The most important thing when considering a database, though, is success stories. The world is different from a few decades ago, when the good databases were all proprietary and nobody knew how they did their magic, so proofs of concept were a key sales tactic. Now, most new databases are opensource and the users either understand how they work, or rest easy in the knowledge that they can find out if they want. And most are adopted at a ratio of hundreds of non-paying users for each paying customer. Those non-paying users are a challenge for a company in many ways, but at least they’re vouching for the solution.
Success stories and a community of users go together. If I can choose from a magical database that claims to solve all kinds of problems perfectly, versus one that has broad adoption and lots of discussions I can Google, I’m not going to take a hard look at the former. I want to read online about use cases, scaling challenges met and solved, sharp edges, scripts, tweaks, tips and tricks. I want a lot of Stack Exchange discussions and blog posts. I want to see people using the database for workloads that look similar to mine, as well as different workloads, and I want to hear what’s good and bad about it. (Honest marketing helps a lot with this, by the way. If the company’s own claims match bloggers’ claims, a smaller corpus online is more credible as a result.)
These kinds of dynamics help explain why most of the fast-growing emerging databases are opensource. Opensource has an automatic advantage because of free users vouching for the product. Why would I ever consider a proof-of-concept to do a sales team a favor, at great cost and effort to myself, when I could use an alternative database that’s opensource and has an active community discussing the database? In this environment, the proof of concept selling model is basically obsolete for the mass market. It may still work for specialized applications where you’ll sell a smaller number of very pricey deals, but it doesn’t work in the market of which I’m a part.
In fact, I’ve never responded positively to an invitation to set up a PoC for a vendor (or even to provide data for them to do it). It’s automatically above my threshold of effort. I know that no matter what, it’s going to involve a huge amount of time and effort from me or my teams.
There’s another edge-case—databases that are built in-house at a specific company and then are kicked out of the nest, so to speak. This is how Cassandra got started, and Kafka too. But the difference between a database that works internally for a company (no matter how well it works for them) and one that’s ready for mass adoption is huge, and you can see that easily in both of those examples. I suspect few people have that experience to point to, but probably a lot of readers have released some nifty code sample as open-source and seen how different it is to create an internal-use library, as opposed to one that’ll be adopted by thousands or more people.
Remarkably few people at database companies seem to understand the things I’ve written about above. The ones who do—and I’ve named some of them—might have great success as a result. The companies who aren’t run by people who have actually operated databases in their target markets recently, will probably have a much harder time of it.
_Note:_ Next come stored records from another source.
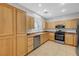 Well-lit kitchen with stainless steel appliances, wooden cabinets, tile floors, and ample counter space at 7506 Village Mist Ln, Las Vegas, NV 89113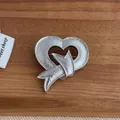 Detail der silbernen Herzbrosche mit Schleifen-Design und Hammerschlag auf Holzgrund - Silber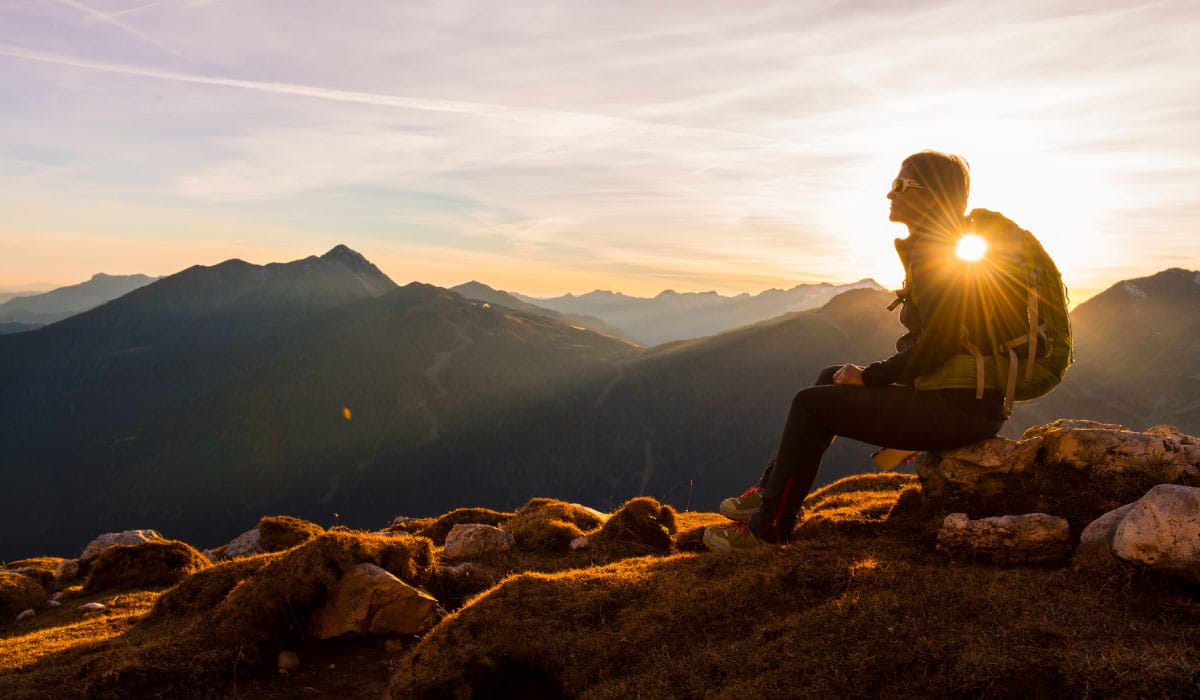 A woman sitting on top of a mountain. She is wearing a hiking backpack.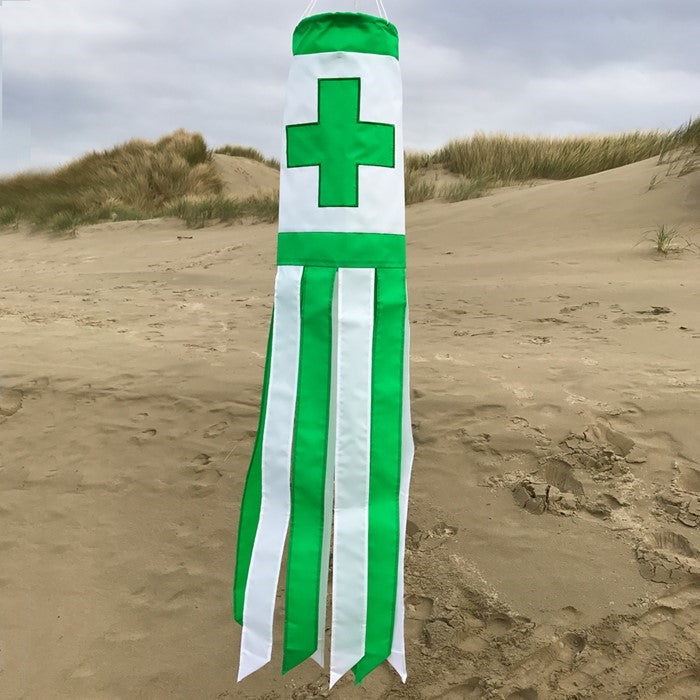 A Green Cross 40" Windsock adorned with an applique design, featuring fluttering tails in an outdoor setting, ideal for health and wellness.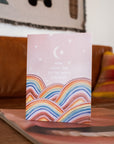 Adelfi card with the words "Mom, I love you to the moon and back" floating in a pink sky with a crescent moon and stars above rainbow hills. Card is modeled on a coffee table in a living room.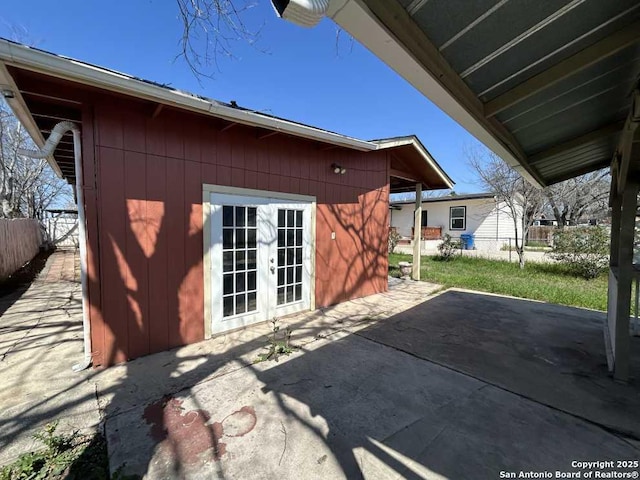 rear view of property featuring a patio, french doors, and fence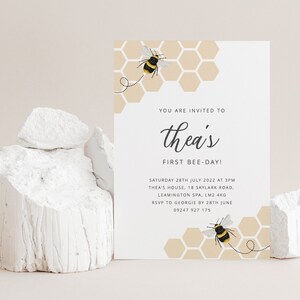 K&ouml;nnte beinhalten: Eine wei&szlig;e Karte mit einer bienenf&ouml;rmigen Einladung zu einer ersten Geburtstagsfeier. Die Karte hat ein Wabenmuster mit einer Biene auf jeder Seite. Der Text lautet "You are invited to Thea's First Bee-Day!" mit Datum, Uhrzeit und Ort der Party.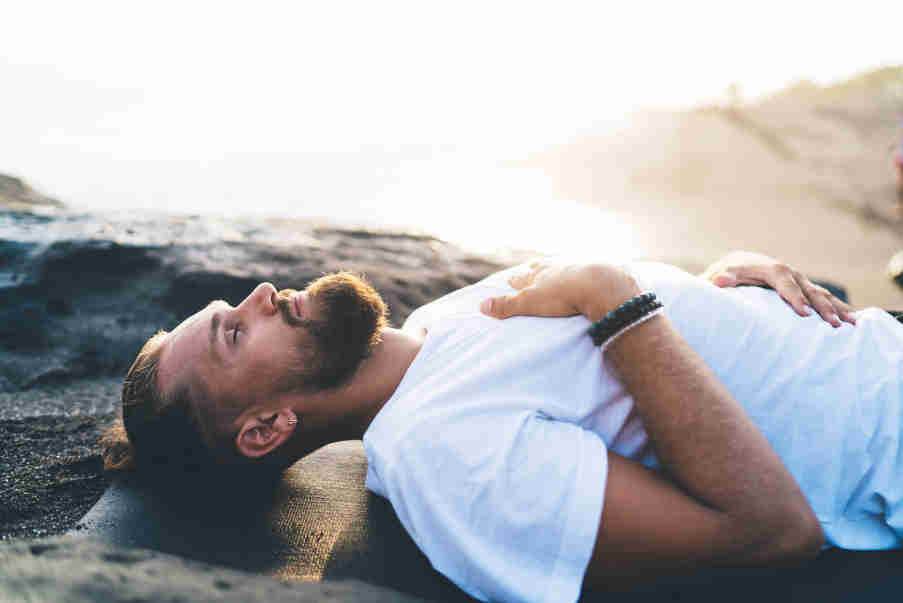 young man practising breathing exercise for dysfunctional breathing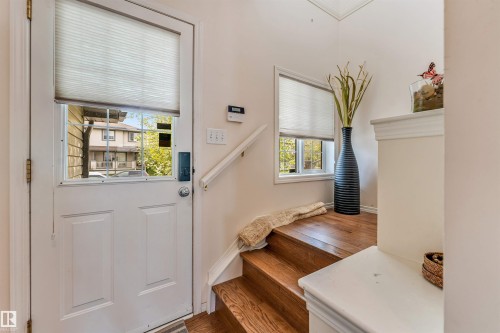 Entryway featuring a white paneled door with window, adjacent window, wood-finish flooring, and a white handrail - 3032 31 Avenue Nw, Edmonton, AB - Indoor Photo Showing Other Room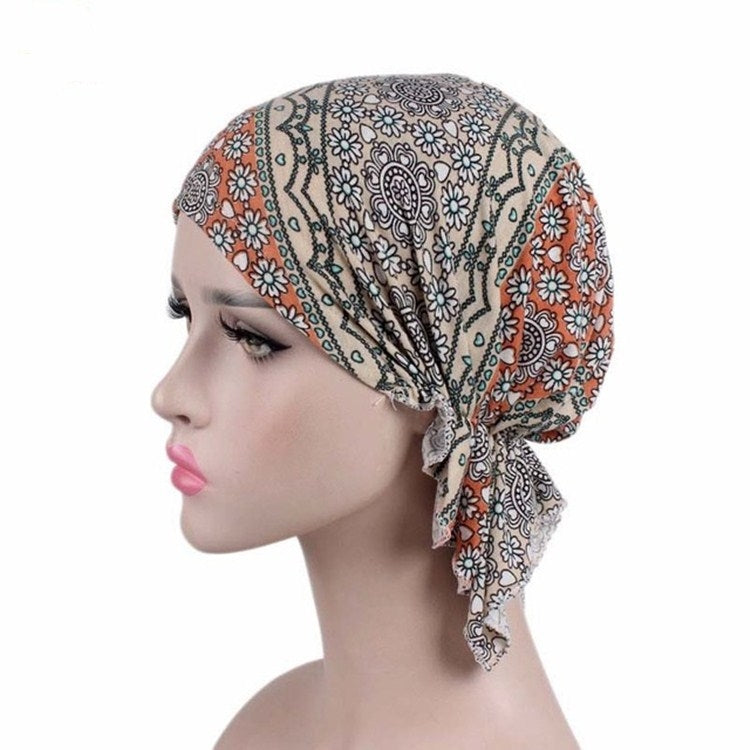 Beige orange floral paisley stretch turban cap with draped side knot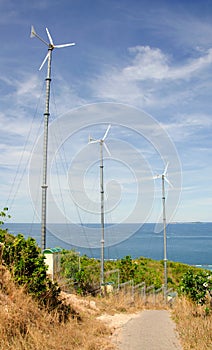 wind turbine generating electricity on hill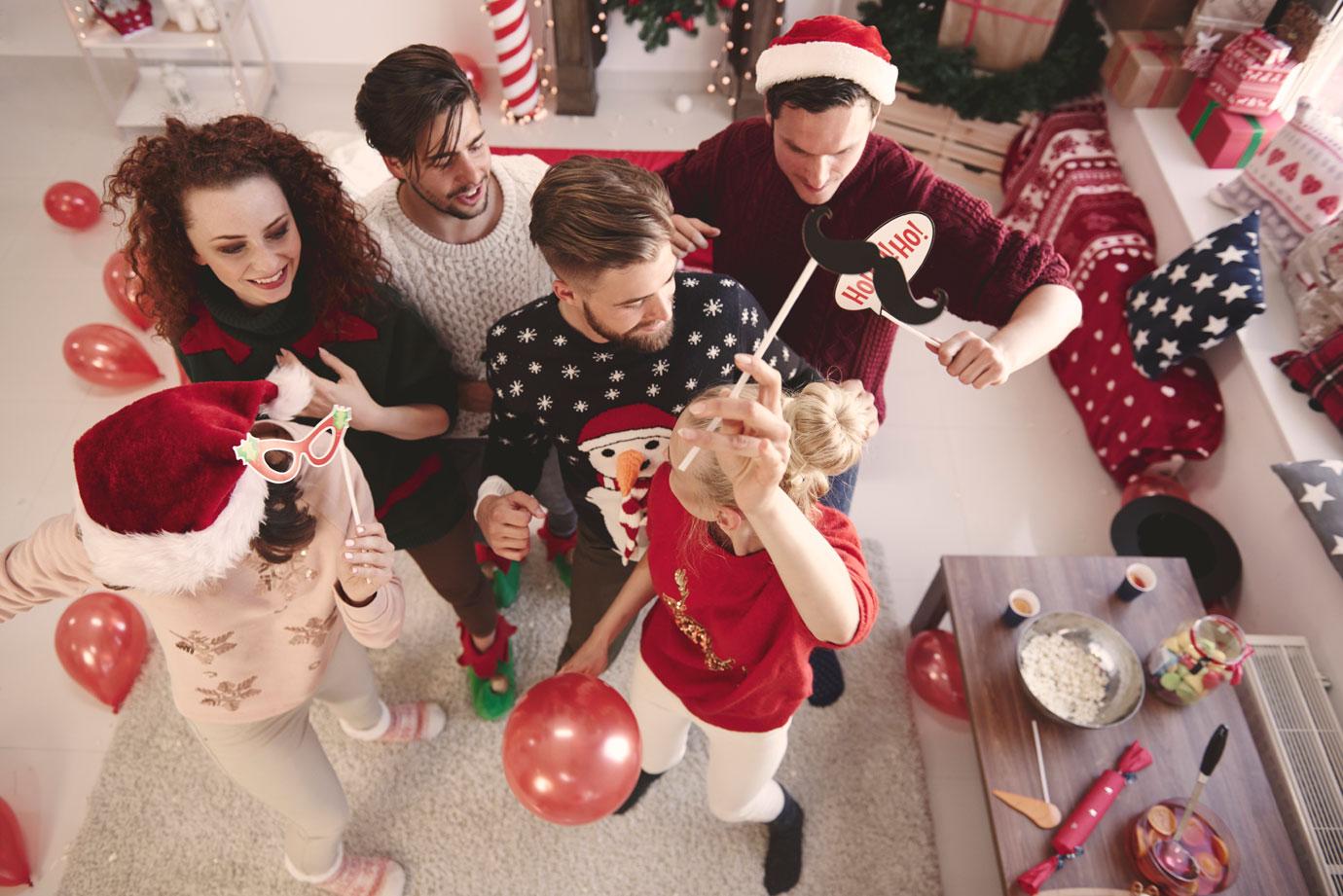 Overhead view of young adult friends dancing at christmas party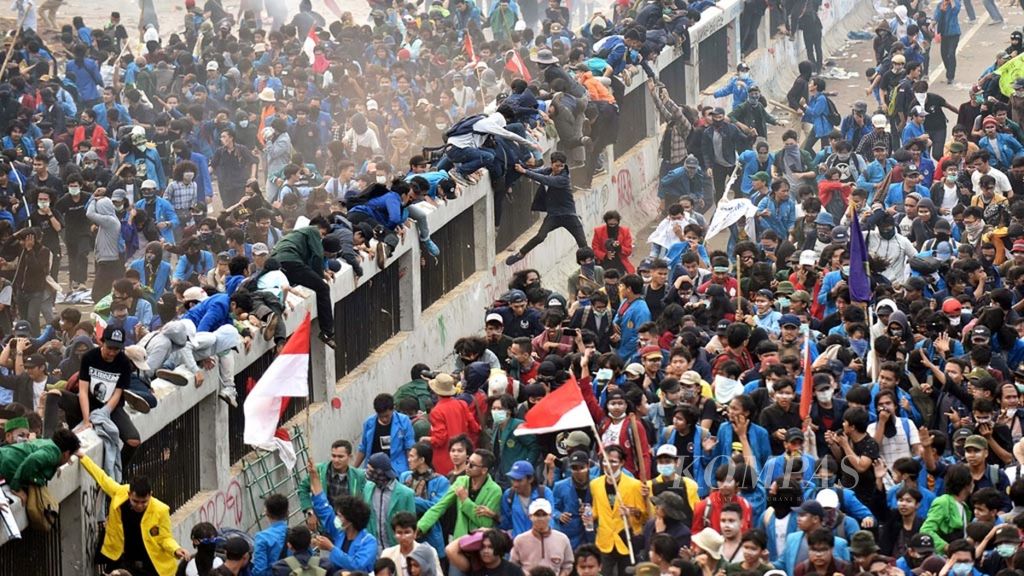 Para mahasiswa berusaha menghindari gas air mata yang ditembakkan polisi saat berunjuk rasa di depan Kompleks Parlemen, Senayan, Jakarta, Selasa (24/9/2019). Mereka berunjuk rasa menuntut dibatalkannya pengesahan RKUHP dan sejumlah RUU kontroversial lainnya. 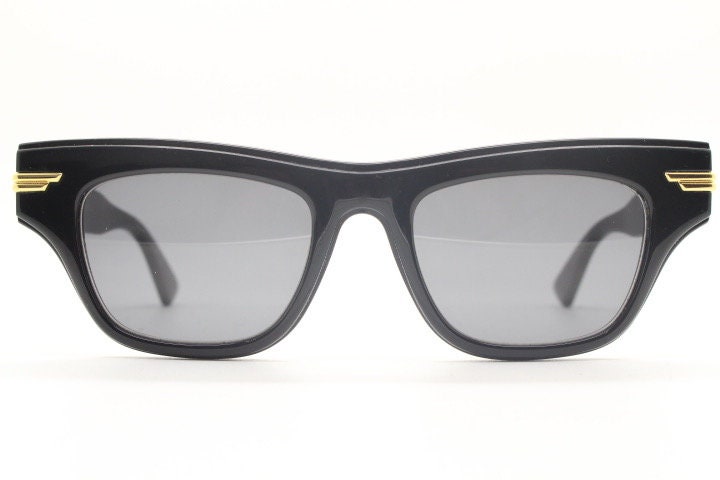 Bottega Veneta thick flat top cat eye sunglasses made in Japan. Black gloss acetate frame with sharp cropped sides. Womens cateye. BNWOT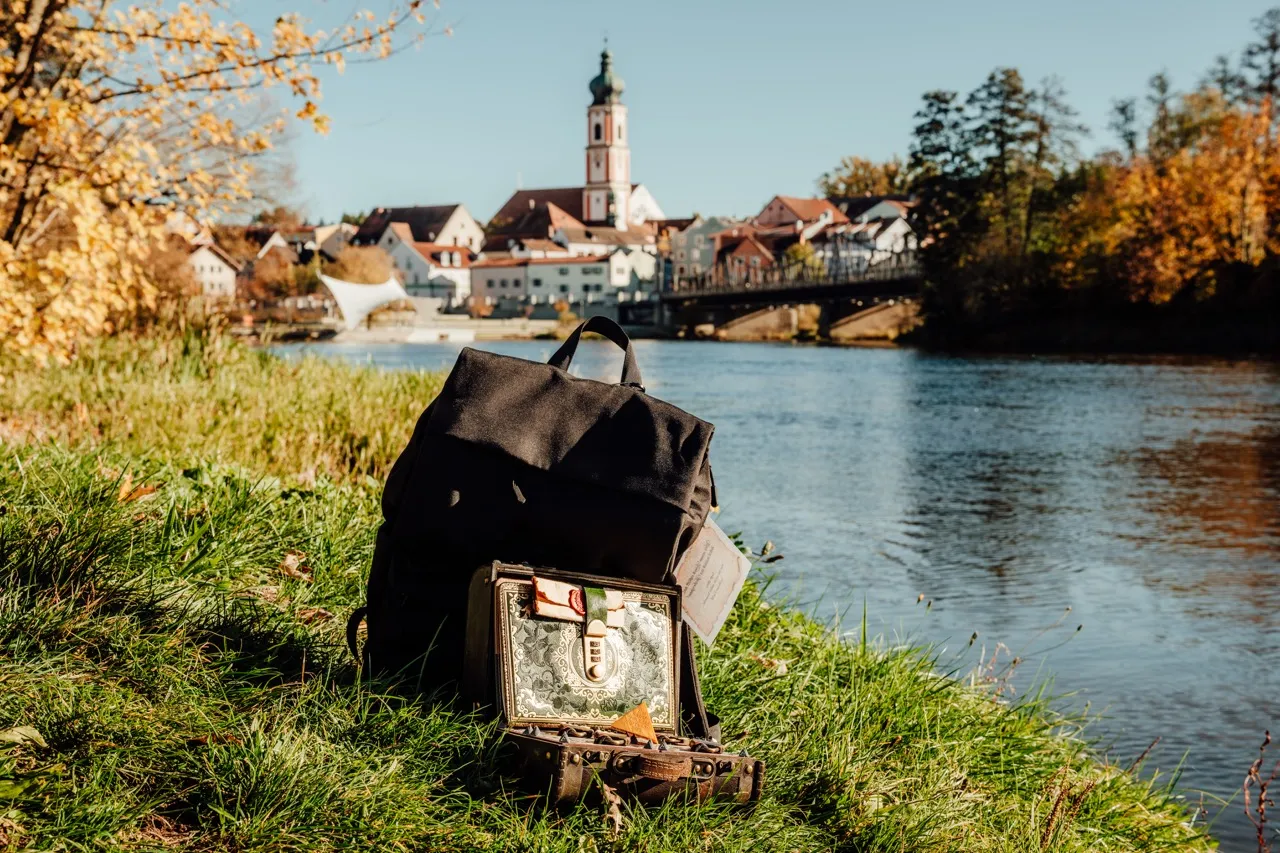 Rucksack und geöffneter Koffer im Gras am Regenufer, dahinter die Rodinger Altstadt mit Kirchturm und Brücke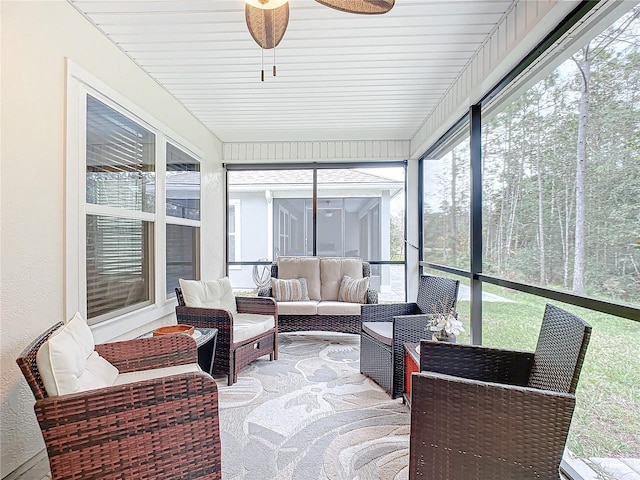 sunroom / solarium with ceiling fan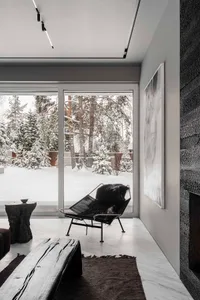 Modern living room with a view of a snowy cityscape, featuring a black lounge chair with a fur blanket, a wooden bench, and a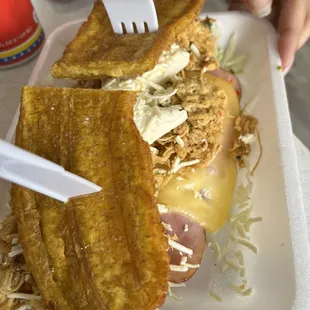 Some kind of sandwich with fried plantains , cheese, lettuce and ham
I don’t make much time to coach companies on how they should approach me. It’s not my problem, and I feel no guilt saying no without explanation. (One of my favorite phrases is “no is a complete sentence.”) But enough companies have asked me, and I have enough friends at these companies, that I thought it would be helpful to write this up. Hopefully this serves its intended purpose and doesn’t hurt any feelings. Please use the comments to let me know if I can improve this post.